Externally, there are still numerous obstructions on trade: the OECD should radically slash agricultural subsidies, which have the effect of blocking African farmers from being able to export their goods. Foreign investment is another area that may bring new benefits. In Moyo’s opinion, Chinese direct investment and the resultant building of infrastructure such as roads and railways to extract minerals and foodstuffs have had a mainly beneficial effect. China remains popular in much of Africa, and “many Africans scoff at the notion that westerners should be outraged by Chinese implicit support for Africa’s corrupt and rogue leaders. It is, after all, under the auspices of Western aid, goodwill and transparency that Africa’s most notorious plunderers and despots have risen and thrived”. Moyo suggests that all aid and disguised aid in the form of unrepayable loans should now be phased out, except after natural disasters.

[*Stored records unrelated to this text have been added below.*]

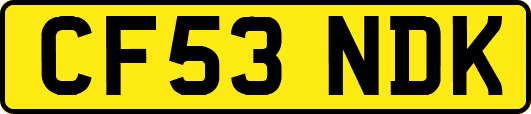 CF53NDK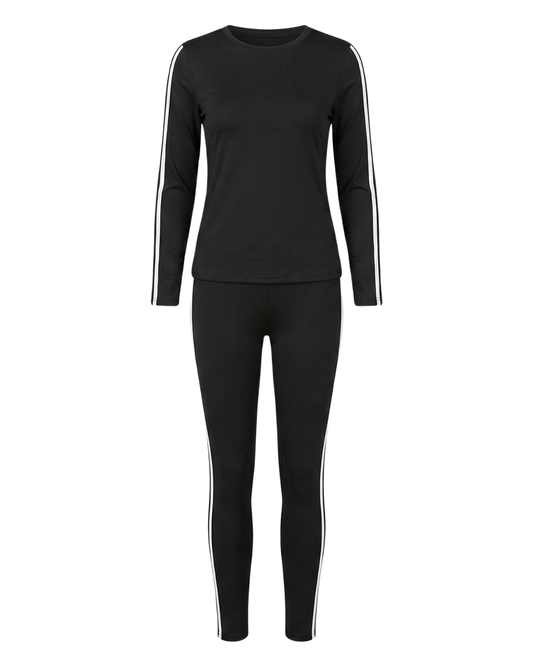 Conjunto Deportivo Ergonómico para Mujer®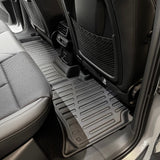 bagsæde måtte til audi q4 e-tron placeret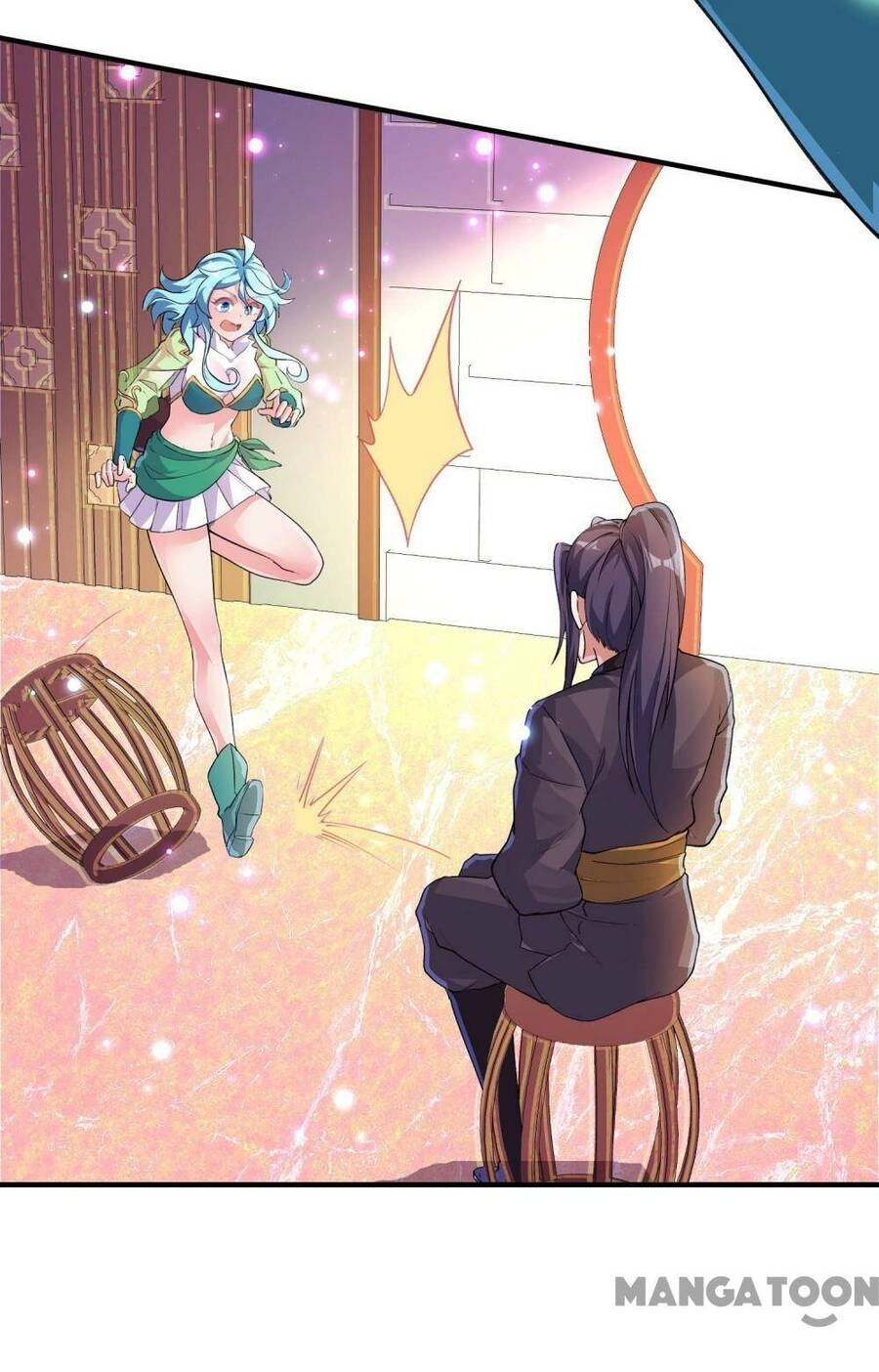 Đệ Nhất Ở Rể Chapter 235 - 9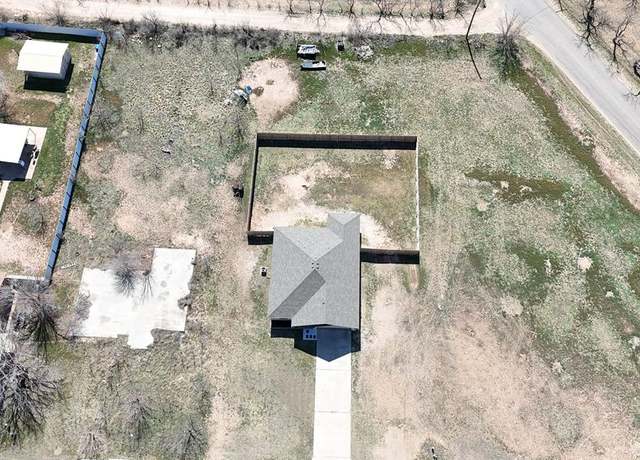 Property at 21 Sage Rd, San Angelo, TX 76901, 3 beds, 2 baths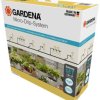 GARDENA Micro-Drip-System 13401-20 Kompletny zestaw nawadniający 13 mm (1/2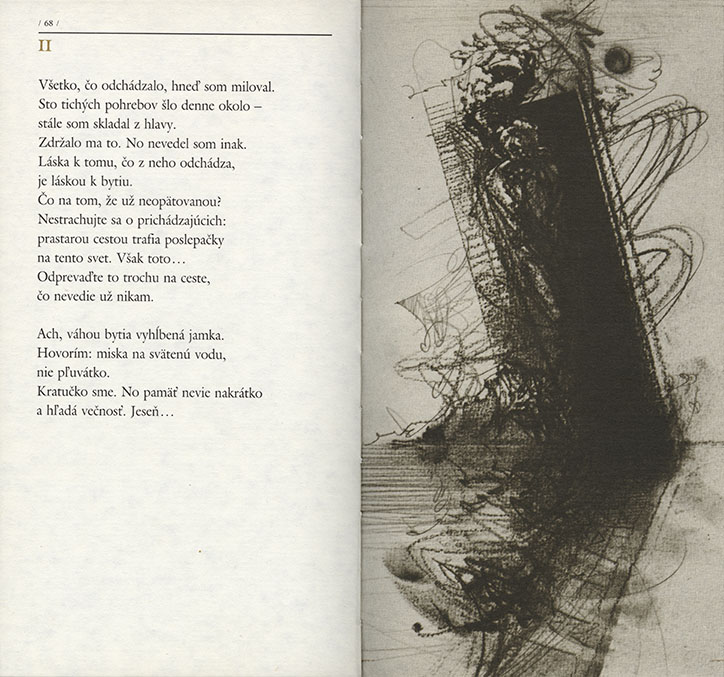 Neskorý autoportrét - 4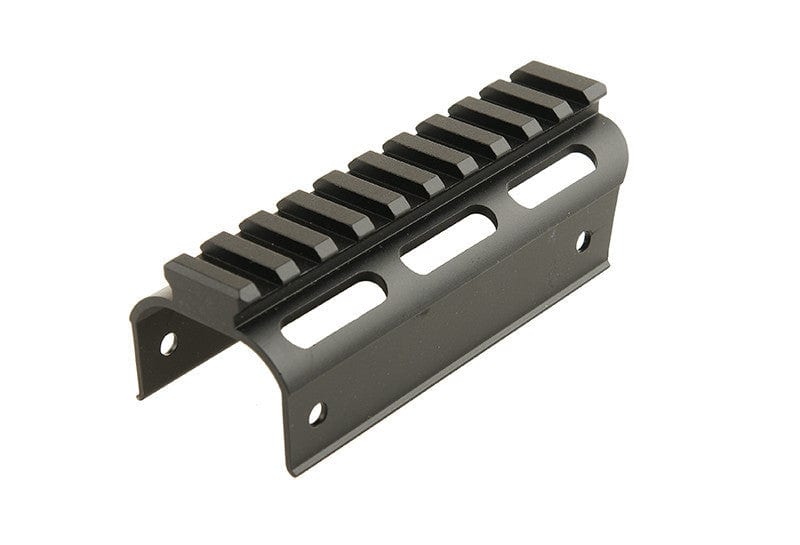 MP7 rail system (Type 2) by FMA on Airsoft Mania Europe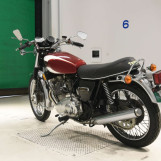 Мотоцикл Triumph T160 TRIDENT з пробігом 11910 m з пробігом 11910 m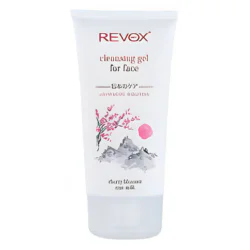 Revox B77 Japanese Routine Cleansing Gel For Face 150 Ml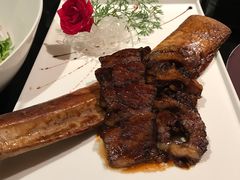 小广寒台塑牛排-小广寒电影艺术餐厅(小广寒经三路店)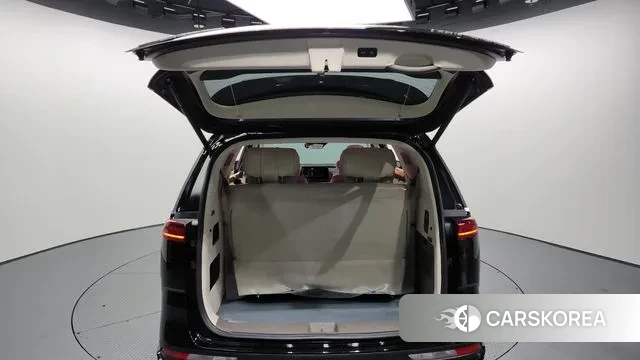 Kia Carnival 4th generation id 3601088 из Кореи 11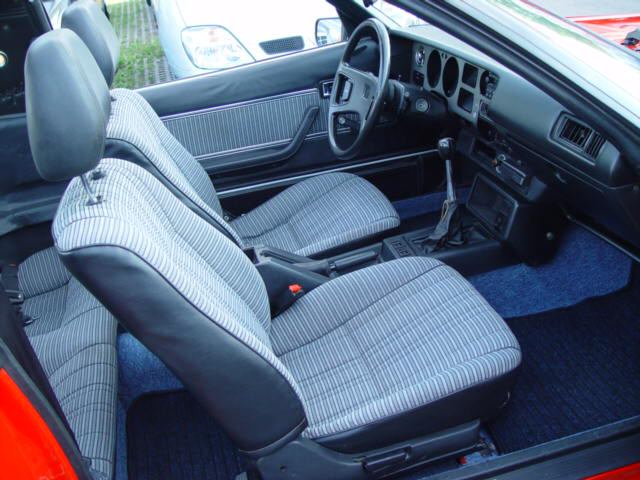 Toyota () Celica III (TA4_):  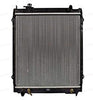 CSF 3154 Radiator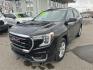 2022 BLACK GMC TERRAIN SLE SLE (3GKALTEV0NL) with an 1.5L engine, Automatic transmission, located at 929 East 8th Ave, Anchorage, AK, 99501, (907) 274-2277, 61.214783, -149.866074 - Photo#0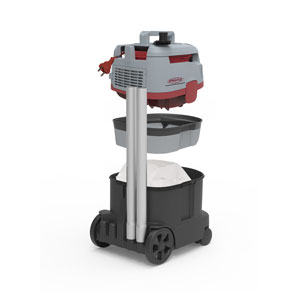 SPRiNTUS ERA EVO Trockensauger 13 Liter 700W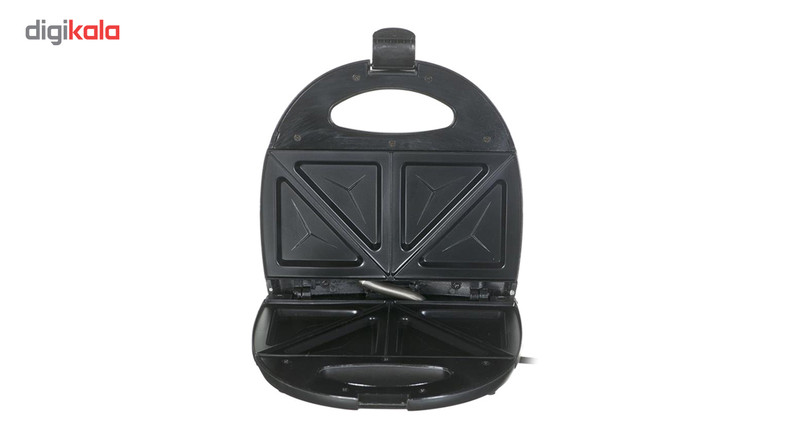 ساندویچ ساز زلمر مدل ZSM 2001 X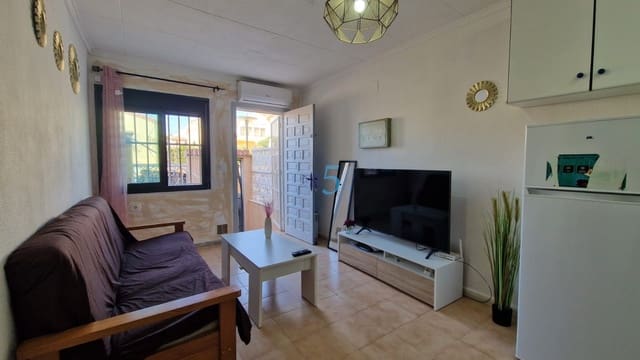 2 soverom Bungalow til salgs i San Fulgencio - € 98 000 (Ref: 9227777)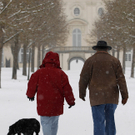 Tipps für einen warmen Winter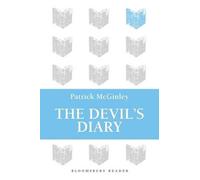 The Devil's Diary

Would the solutions that Moyo proposes be successful? We cannot be sure, but it is clear that the old model of aid and soft loans to Africa has been a tragic, epic failure. There are two areas where I disagree with her analysis. First, she puts insufficient emphasis on the environmental damage that would follow the advance of foreign investors in Africa, and second I believe she is wrong to look at successful Asian economies such as Taiwan and Singapore and deduce that democracy is of secondary importance.

Last month, I travelled from a country without freedom of speech (Egypt) to one where it is in full swing (India), and the immediate change in atmosphere made me feel that an open and democratic system must have a wider, longer-term economic benefit. Even if Moyo’s prescriptions – micro-finance, foreign direct investment, more trade, issuing bonds to raise capital – do not work in the way that she hopes, at least they will put Africans in control of their own destiny, and give small-scale business people and entrepreneurs the opportunities that they have had elsewhere. I suggest that Bono buys a copy of Dead Aid and claps Bob Geldof over the head with it, repeatedly.